Starred review from February 27, 2012
Taking its title from the German for “Himmler’s brain is called Heydrich,” Binet’s tour de force debut tells two stories: primarily that of the daring mission to assassinate Reinhard Heydrich, the prominent Nazi Protector of Bohemia and Moravia known as “The Butcher” and “The Man with the Iron Heart” (a nickname of Hitler’s creation) among other epithets. It is also, however, the metafictional tale of Binet’s struggles with shaping the story. The novel’s 257 short chapters allow for these two strands to advance and entwine in gripping and revealing ways. When Binet stamps a key scene with the progressive dates of the three weeks in 2008 that it took him to render the eight-hour standoff in 1942, for instance, it deepens an already intense scene with a sense of the author’s reluctance to dispatch characters he admires. Those men, Jan Kubis and Jozef Gabcik, “authors of one of the greatest acts of resistance in human history,” were trained in England and parachuted back into Nazi-occupied Bohemia on a mission they both knew might be suicidal. After months of planning, on May 27, 1942, they ambushed Heydrich in Prague. Weeks later they were cornered in a church basement, and Binet renders an almost unbearable account of their final hours fending off the SS. With history never in question, it is Binet’s details (such as Heydrich succumbing to an infection from having “horsehairs from the Mercedes’s seats” blasted into his spleen) and his compassion for the partisans that elevate these set pieces. His thoughts on the perils of the genre are also succinct and striking; inserting invented characters into historical novels is “like planting false proof at a crime scene where the floor is already strewn with incriminating evidence.” Binet demonstrates without a doubt that a self aware, cerebral structure can be deployed in the service of a gripping historical read. A perfect fusion of action and the avante-garde that deserves a place as a great WWII novel.



Kirkus

Starred review from May 1, 2012
The evergreen allure of Nazis as the embodiment of evil is what drives this French author's soul-stirring work: a hybrid of fact and meta-fiction that won the Prix Goncourt in 2010. Picture a man being driven to work in an open-top car, taking the same route every day. He is feared and loathed by passersby, yet he has no bodyguard. This is Heydrich in Prague in 1942: the Nazi Protector of Bohemia and Moravia, supremely powerful, supremely vulnerable. He is Binet's anti-hero. His projected assassination is Binet's story, and Heydrich's would-be assassins (Gabcik the Slovak and Kubis the Czech) are Binet's heroes. "Two men have to kill a third man." Simple, no? But the narration is not. Binet's alter ego narrator is a zealous amateur historian. Like all amateurs, he makes mistakes; disarmingly, he admits them. "I've been talking rubbish," he exclaims. He retracts some of his assertions; he regrets his inadequacy as a historian. Yet in fact he does a good job of putting the assassination in a geopolitical context. He excoriates the spinelessness of the British and French governments in acceding to Hitler's takeover of Czechoslovakia. He convincingly profiles Heydrich, aka the Blond Beast and the Hangman of Prague. This monster was Himmler's deputy in the SS (the goofy title refers to the belief that he was also Himmler's brain) and the principal architect of the Final Solution. The assassination, dubbed Operation Anthropoid, was the brainchild of Benes, head of the Czech government-in-exile in London. He needed a coup to restore the morale of the Czech anti-Nazis. Gabcik and Kubis parachute in. The arrival of these modest yet extraordinary patriots is like the first hint of dawn after a pitch-black night. They are embedded with the Czech resistance while they plan tactics. The account of the assassination attempt and its nail-biting aftermath is brilliantly suspenseful. Binet deserves great kudos for retrieving this fateful, half-forgotten episode, spotlighting Nazi infamy, celebrating its resisters, and delivering the whole with panache.

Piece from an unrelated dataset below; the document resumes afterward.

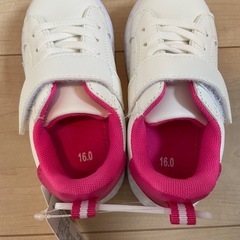 新品未使用タグ付き　西松屋　キッズスニーカー　16cmの画像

COPYRIGHT(2012) Kirkus Reviews, ALL RIGHTS RESERVED.



Library Journal

Starred review from May 15, 2012

Binet (La vie professionnelle de Laurent B) has written two novels in one here. The first is an often mesmerizing account of the assassination of the Blond Beast, Reinhard Heydrich, the Protector of Bohemia and Moravia when those parts of dismembered Czechoslovakia were under German occupation during World War II. The second novel, which runs contiguously with the first, is a very self-conscious and ongoing explanation about how he wrote the book. The plot traces the trajectories of the Slovak Jozef Gabcik and the Czech Jan Kubis, sent by the British secret service, as they parachute into their country to assassinate the Nazi overlord. In tailing them on their mission, the author also supplies a brief bio of the Nazi leader, known at the time as the most dangerous man in the Third Reich. The book's title consists of the German letters for "Himmler's brain is called Heydrich" (Heydrich reported directly to Nazi Gestapo chief Heinrich Himmler). VERDICT Binet won the Prix Goncourt du Premier Roman, France's most prestigious literary prize, for HHhH. This fluid translation by Taylor is a superb choice for lovers of historical literary works and even international thrillers. Most highly recommended.--Edward Cone, New York

Copyright 2012 Library Journal, LLC Used with permission.



Booklist

Starred review from April 15, 2012
The story of how two Czech agentsrecruited by the British secret serviceassassinated Hitler's ruthless lieutenant Reinhard Heydrich in broad daylight on a Prague street in 1942 has been told by the historian. Now it is the novelist's turn. And what a turn Binet delivers! Weaving together historical fact, fictional narrative, and authorial reflection in what he labels an infranovel, Binet gives readers a close-up look at the metamorphosis of documentary truth into literary art. It is an art that makes disturbingly real the cold cruelty of a Nazi titan intent on slaughtering innocent Jews and makes inspiringly luminous the courage of Josef Gabcik and Jan Kubi, the men who kill him. But it is also a curiously hybrid art that foregrounds the creative artist's own struggle to wrest meaning out of his anarchic material. Nowhere is this struggle more evident than in Binet's handling of the bizarre climax of his chronicle, when Gabcik stares down Heydrich's car, only to have his gun jam, forcing Kubi to lob a bomb, leaving the wounded Nazi leader to die days later of an infection. Readers will recognize why this brilliant work won the Prix Goncourt du Premier Romanand why an English translation was imperative!(Reprinted with permission of Booklist, copyright 2012, American Library Association.)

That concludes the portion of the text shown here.